Work request
Below this line are records; write out exactly the lines from the one containing "Here we are" through the one containing "Resonant circuits as", with the pictures left out.

Material supplied

== Segment start ==

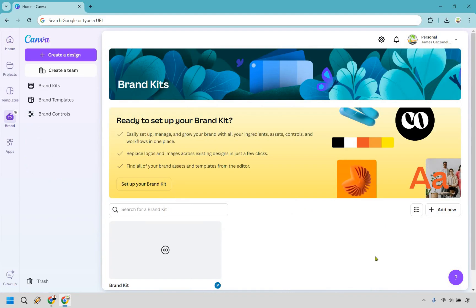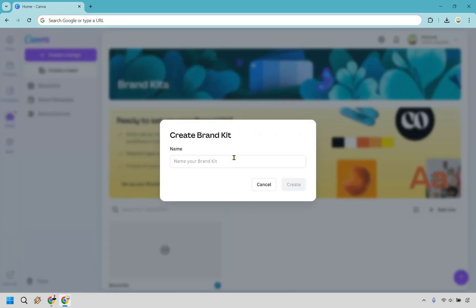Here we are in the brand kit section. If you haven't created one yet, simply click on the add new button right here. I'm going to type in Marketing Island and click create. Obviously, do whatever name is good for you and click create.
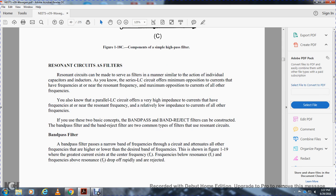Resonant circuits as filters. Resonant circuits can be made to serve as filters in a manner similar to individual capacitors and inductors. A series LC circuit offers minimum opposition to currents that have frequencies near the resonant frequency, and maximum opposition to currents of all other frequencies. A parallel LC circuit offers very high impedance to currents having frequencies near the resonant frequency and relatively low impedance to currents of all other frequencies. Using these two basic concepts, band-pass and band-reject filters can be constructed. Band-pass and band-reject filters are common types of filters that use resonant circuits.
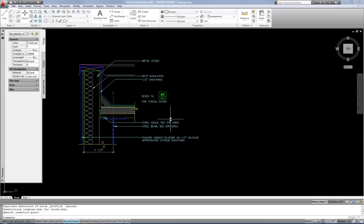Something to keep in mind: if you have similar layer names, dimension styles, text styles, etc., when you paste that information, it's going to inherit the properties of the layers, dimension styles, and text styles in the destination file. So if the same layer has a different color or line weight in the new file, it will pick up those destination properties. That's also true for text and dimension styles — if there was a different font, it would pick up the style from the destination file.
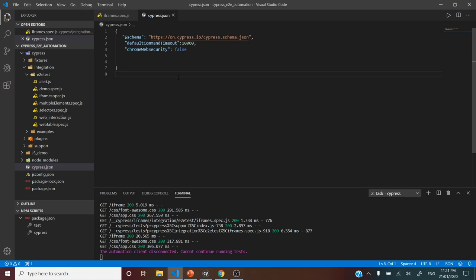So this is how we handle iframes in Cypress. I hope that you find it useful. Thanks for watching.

== Segment end ==
== Segment start ==

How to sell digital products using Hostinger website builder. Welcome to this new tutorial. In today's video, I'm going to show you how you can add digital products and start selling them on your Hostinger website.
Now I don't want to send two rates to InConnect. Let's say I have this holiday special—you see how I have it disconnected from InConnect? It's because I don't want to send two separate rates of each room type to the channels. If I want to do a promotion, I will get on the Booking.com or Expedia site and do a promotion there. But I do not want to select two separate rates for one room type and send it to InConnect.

== Segment end ==

Answer area
Here we are in the brand kit section. If you haven't created one yet, simply click on the add new button right here. I'm going to type in Marketing Island and click create. Obviously, do whatever name is good for you and click create.
Resonant circuits as filters. Resonant circuits can be made to serve as filters in a manner similar to individual capacitors and inductors. A series LC circuit offers minimum opposition to currents that have frequencies near the resonant frequency, and maximum opposition to currents of all other frequencies. A parallel LC circuit offers very high impedance to currents having frequencies near the resonant frequency and relatively low impedance to currents of all other frequencies. Using these two basic concepts, band-pass and band-reject filters can be constructed. Band-pass and band-reject filters are common types of filters that use resonant circuits.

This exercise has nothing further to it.